Since the advent of mechanized transportation by way of wheeled vehicles, the desirability of incorporating a braking mechanism into such a vehicle has been recognized. Such braking assemblies are necessary to control the speed of the vehicle as well as to bring it to a stop at a desired location. The typical brake for such a vehicle utilizes a braking member which is brought into contact with either the wheel itself or a mechanical element which rotates in conjunction with the wheel so that a frictional force applied by the braking element acts to retard and then stop the wheel rotation. Among the various braking mechanisms known, motorized vehicles of today's manufacturers typically employ either drum brakes, disk brakes or a combination of the two.
As is well known, a drum brake incorporates a plurality of arcuate brake shoes mounted inside a wheel drum which supports a wheel or tire. Upon activation, the brake shoes move radially outwardly to contact the inner arcuate surface of the drum and thereby apply a braking force. On the other hand, disk brakes employ a disk-shaped element which rotates rigidly with respect to the wheel. Here, a caliper mechanism straddles the edge of the disk, and a pair of opposed brake pads are positioned between the ends of the caliper structure so that, upon actuation, the brake pads are advanced towards one another thereby trapping the disk between their braking surfaces thereby applying the braking force. In either event, the brake pads or brake shoes employ brake pad elements that are typically constructed of a hard non-lubricous composite.

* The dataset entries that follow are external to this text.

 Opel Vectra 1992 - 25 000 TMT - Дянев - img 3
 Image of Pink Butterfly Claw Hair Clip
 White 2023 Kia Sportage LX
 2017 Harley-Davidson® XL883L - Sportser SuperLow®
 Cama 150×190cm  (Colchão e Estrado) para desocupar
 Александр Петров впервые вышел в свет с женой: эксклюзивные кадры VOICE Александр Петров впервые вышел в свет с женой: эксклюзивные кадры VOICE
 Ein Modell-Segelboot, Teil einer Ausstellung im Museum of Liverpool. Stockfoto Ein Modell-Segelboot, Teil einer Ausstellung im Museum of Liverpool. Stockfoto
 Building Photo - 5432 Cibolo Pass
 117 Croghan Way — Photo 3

Many pedal powered cycle vehicles, such as bicycles, tricycles and the like, employ the caliper brake concept but utilize a different mechanical structure since typically the work necessary to bring the vehicle to a stop is less for a pedal powered vehicle than a motorized vehicle due to the reduced mass in motion. These brakes include those known both as "caliper" brakes and "cantilever" brakes. In either event, the caliper brake assembly for pedal powered vehicles typically employs a pair of brake arms that are pivoted to the frame of the cycle vehicle and terminate in free ends on either side of the rim of the cycle's wheel. Brake shoes are mounted in opposed, facing relationship to one another on either side of the wheel rim. The operator employs a hand brake lever to reciprocate a wire inside a cable with this wire connected to the brake arms so as to pivotally advance the free ends toward and away from the wheel rim so that the brake shoes may be placed in a braking state wherein the brake shoe engages the moving wheel rim and in a brake release state wherein the brake shoe is disengaged from the wheel rim.

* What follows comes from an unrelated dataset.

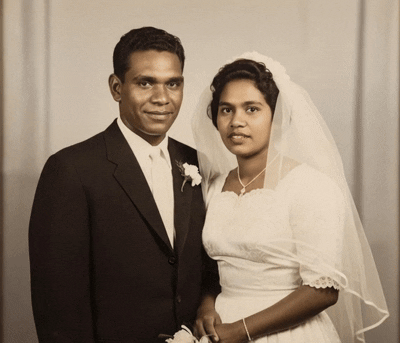 Example of photo animation showing wedding couple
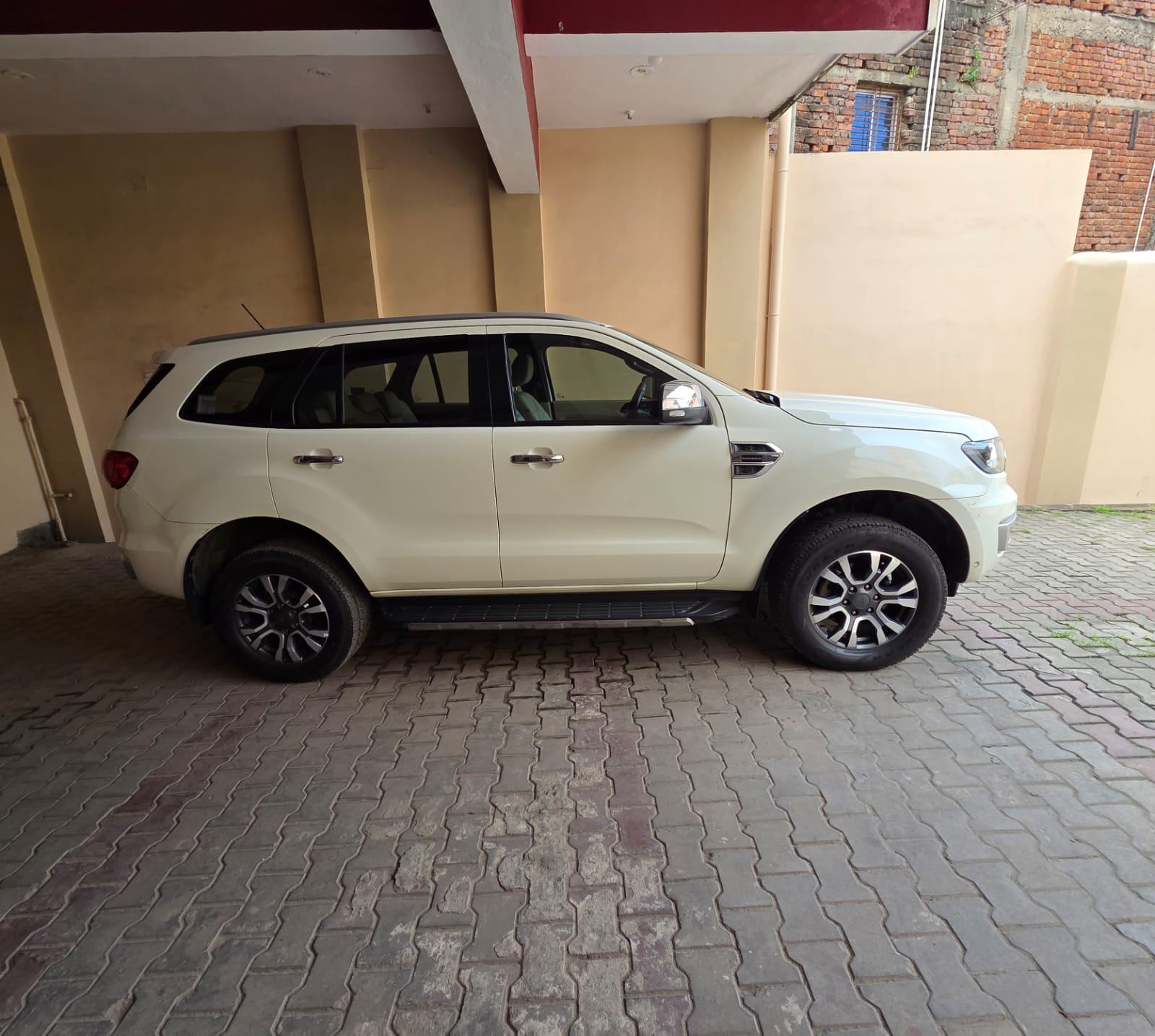 Ford Endeavour - Photo 6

While bicycle brakes are currently undergoing revolutionary changes in design, materials and usage, brake shoes and their brake pads have remained remarkably unchanged. For a number of decades these brake shoes have utilized a brake pad constructed of carbon-infused rubber which is thought to have a high coefficient of friction and thus a good material for such a brake pad. Even though cyclists are today riding more aggressively and demanding more control of their cycle vehicles through higher performance of the cycle components, little has been done to improve brake pad performance. Such innovation has been directed to varying tread designs for the brake pad body.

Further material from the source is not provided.